◆ REQUIRED WORK:
Return only the lines running from the one that contains "PENTAX M60 - L'appareil" through the end of the entries, exactly, both ends included. Omit pictures.

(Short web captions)
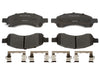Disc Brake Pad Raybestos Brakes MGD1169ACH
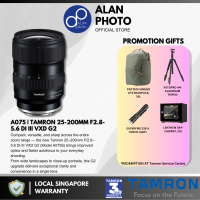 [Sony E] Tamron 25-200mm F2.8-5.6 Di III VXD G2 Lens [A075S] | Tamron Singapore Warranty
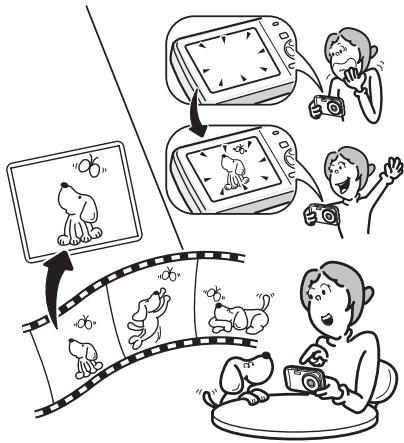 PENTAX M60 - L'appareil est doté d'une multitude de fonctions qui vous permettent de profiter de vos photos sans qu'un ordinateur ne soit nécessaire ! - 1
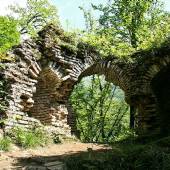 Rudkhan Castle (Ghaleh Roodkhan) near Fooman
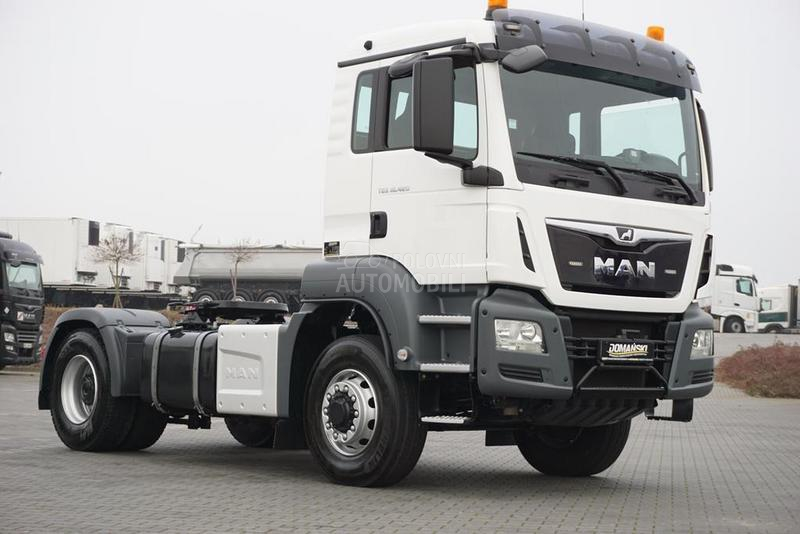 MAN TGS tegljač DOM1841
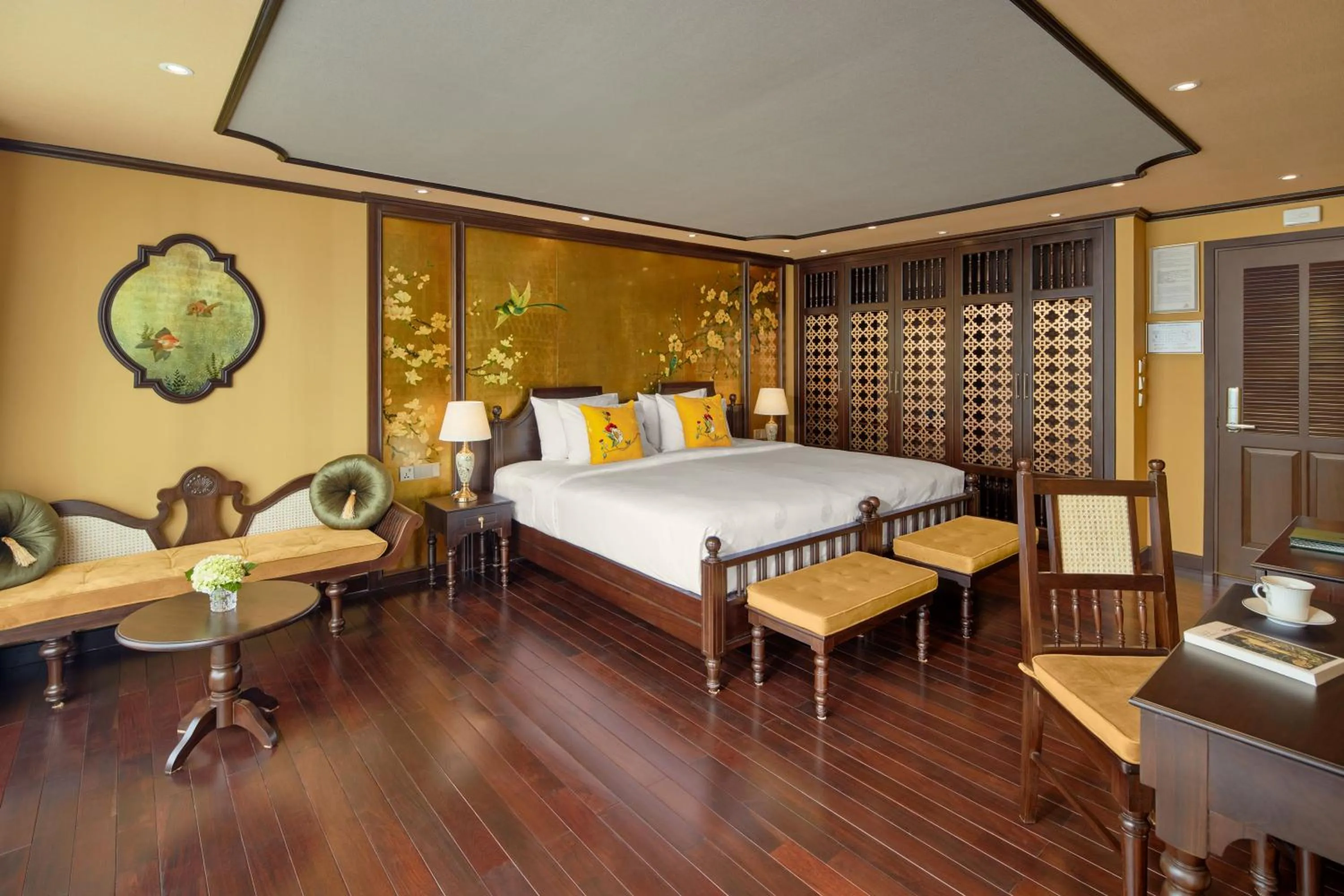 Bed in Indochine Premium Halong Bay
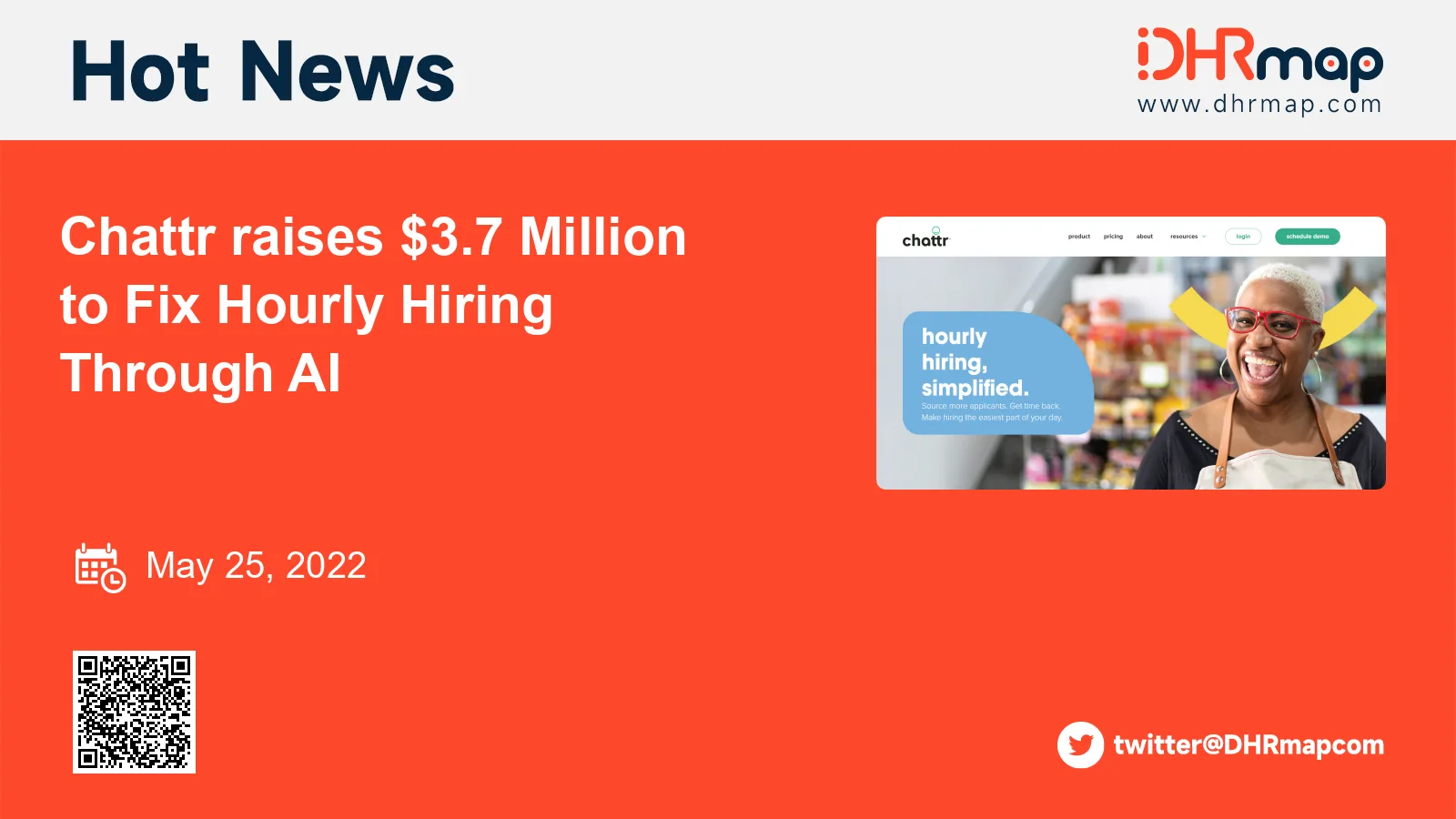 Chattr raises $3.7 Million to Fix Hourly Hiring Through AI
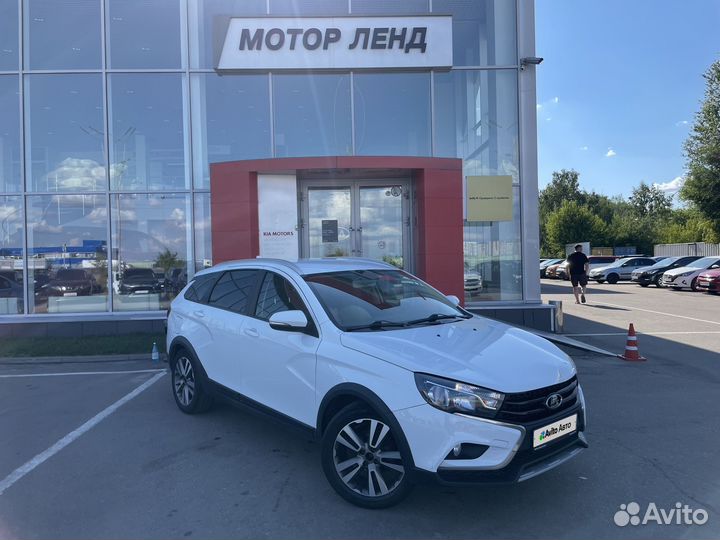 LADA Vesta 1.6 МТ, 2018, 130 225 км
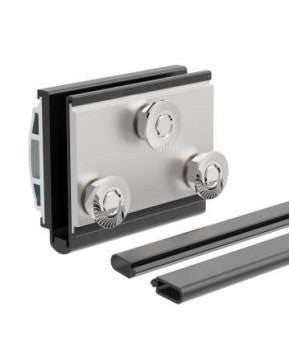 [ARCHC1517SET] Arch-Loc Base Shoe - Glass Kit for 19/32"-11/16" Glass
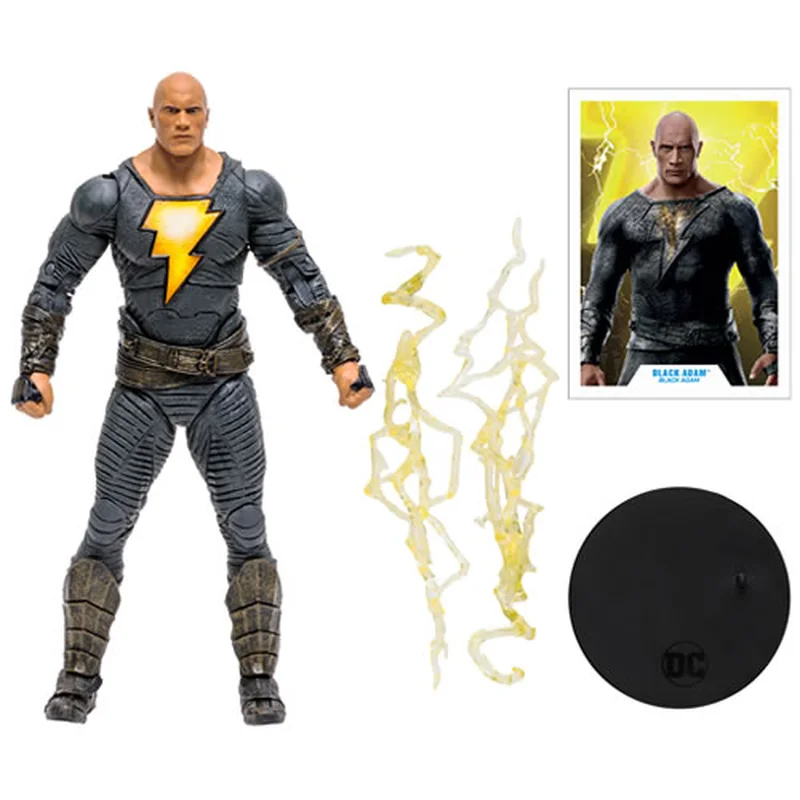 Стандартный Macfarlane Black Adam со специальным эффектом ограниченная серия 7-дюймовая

◆ SOLUTION TO THE PROBLEM:
 PENTAX M60 - L'appareil est doté d'une multitude de fonctions qui vous permettent de profiter de vos photos sans qu'un ordinateur ne soit nécessaire ! - 1
 Rudkhan Castle (Ghaleh Roodkhan) near Fooman
 MAN TGS tegljač DOM1841
 Bed in Indochine Premium Halong Bay
 Chattr raises $3.7 Million to Fix Hourly Hiring Through AI
 LADA Vesta 1.6 МТ, 2018, 130 225 км
 [ARCHC1517SET] Arch-Loc Base Shoe - Glass Kit for 19/32"-11/16" Glass
 Стандартный Macfarlane Black Adam со специальным эффектом ограниченная серия 7-дюймовая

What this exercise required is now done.